Frosh seeks Whitaker-for-Rosenstein trade

Steve Lash//November 13, 2018

Frosh seeks Whitaker-for-Rosenstein trade

By Steve Lash

//November 13, 2018

FILE - In this June 28, 2018, file photo, Deputy Attorney General Rod Rosenstein appears before a House Judiciary Committee hearing on Capitol Hill in Washington. A group of 11 House Republicans have introduced articles of impeachment against Rosenstein, who oversees special counsel Robert Mueller’s investigation into Russian election interference and President Donald Trump’s 2016 campaign. (AP Photo/Andrew Harnik, File)
FILE – In this June 28, 2018, file photo, Deputy Attorney General Rod Rosenstein appears before a House Judiciary Committee hearing on Capitol Hill in Washington.  (AP Photo/Andrew Harnik, File)

Maryland Attorney General Brian E. Frosh’s bid for a court order that  Matthew G. Whitaker be ousted as acting U.S. attorney general in favor of Deputy AG Rod J. Rosenstein may be just as personal as political.

In announcing his effort to seek the switch, Frosh called President Donald Trump’s selection of Whitaker a “brazen attempt to flout the law and Constitution in bypassing Deputy U.S. Attorney General Rosenstein in favor of a partisan and unqualified staffer.”

Whitaker was the unappointed chief of staff to Jeff Sessions, the U.S. attorney general whose resignation Trump demanded last week. Rosenstein, by contrast, is the appointed deputy U.S. attorney general and, as such, assumed the position of acting attorney general by operation of statute and the Constitution upon Sessions’ departure, Frosh argues in his motion filed Tuesday with U.S. District Judge Ellen L. Hollander in Baltimore.

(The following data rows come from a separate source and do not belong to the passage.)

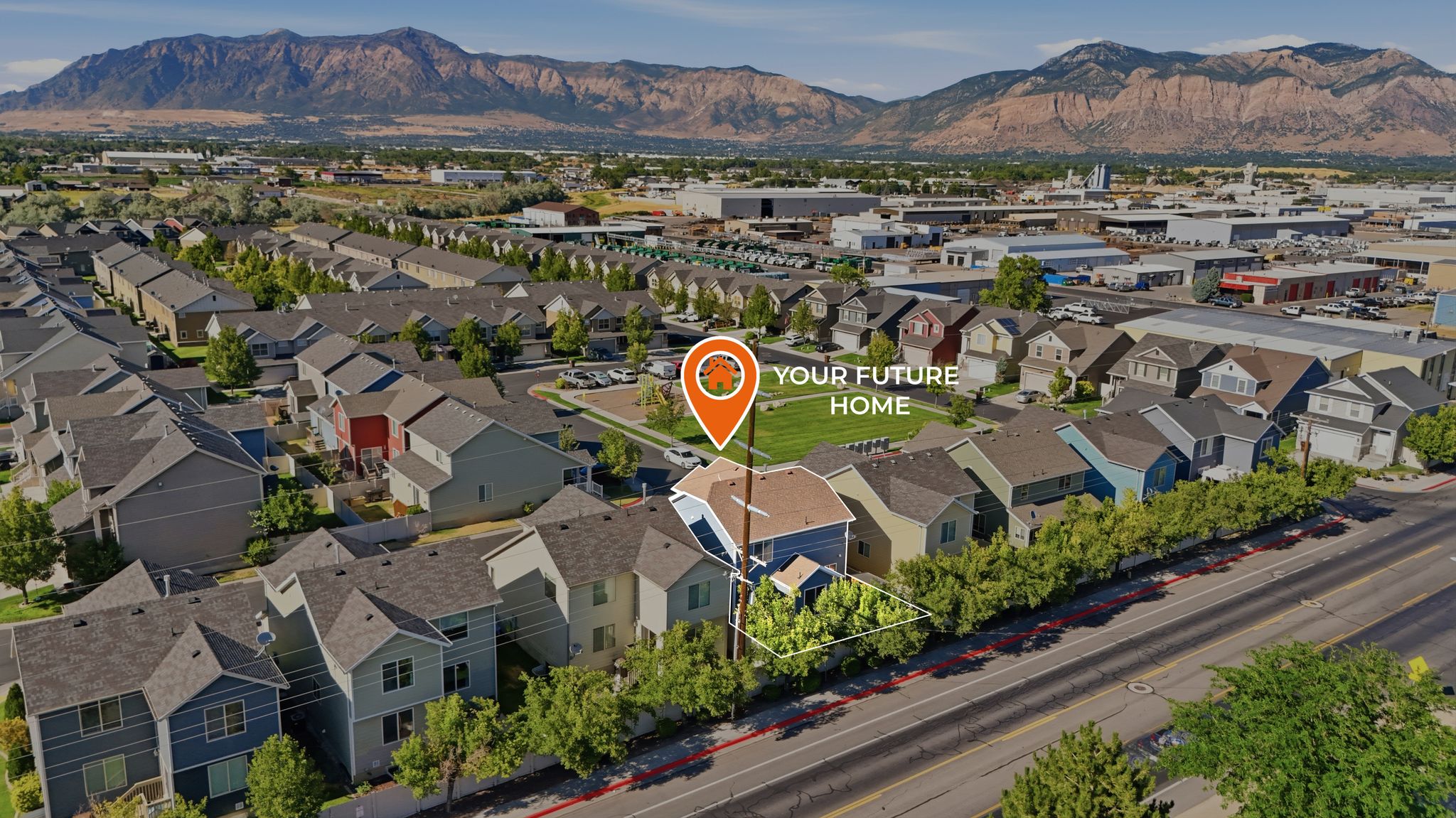 Aerial depiction of a residential neighborhood featuring rows of detached and attached homes
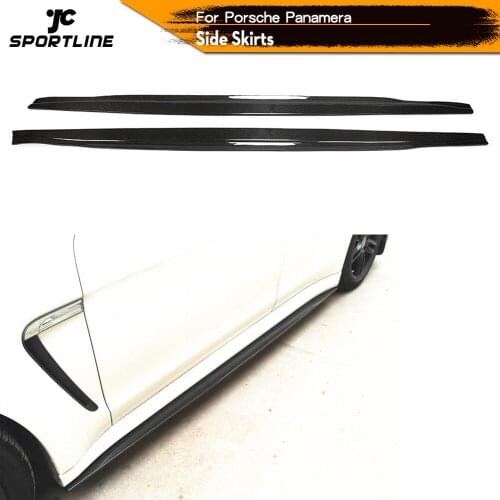 Carbon Fiber Side Skirts Apron Door Lip Cover For Porsche Panamera 2014 2015 2016 Door Bumper Extension Lip Trim Aprons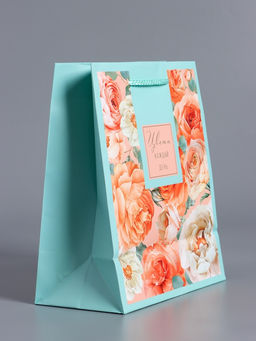Пакет подарочный ламинированный «Цвети каждый день», бирюзовый с розовым, 18×22.3×10 см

What Frosh, a Democrat, mentions neither in his court filing nor announcement is the profound respect he has shown for Rosenstein, who served as U.S. attorney for Maryland under Presidents George W. Bush, a Republican, and Barack Obama, a Democrat.

Last year, Frosh wrote to the U.S. Senate Judiciary Committee, urging the panel to support Rosenstein’s confirmation to the No. 2 post at the Justice Department. Frosh called Rosenstein “intelligent, principled and fair” and “an exemplary leader” who “understands the exponential potential of collaboration with other law enforcement agencies and government institutions, and he puts that understanding into practice.”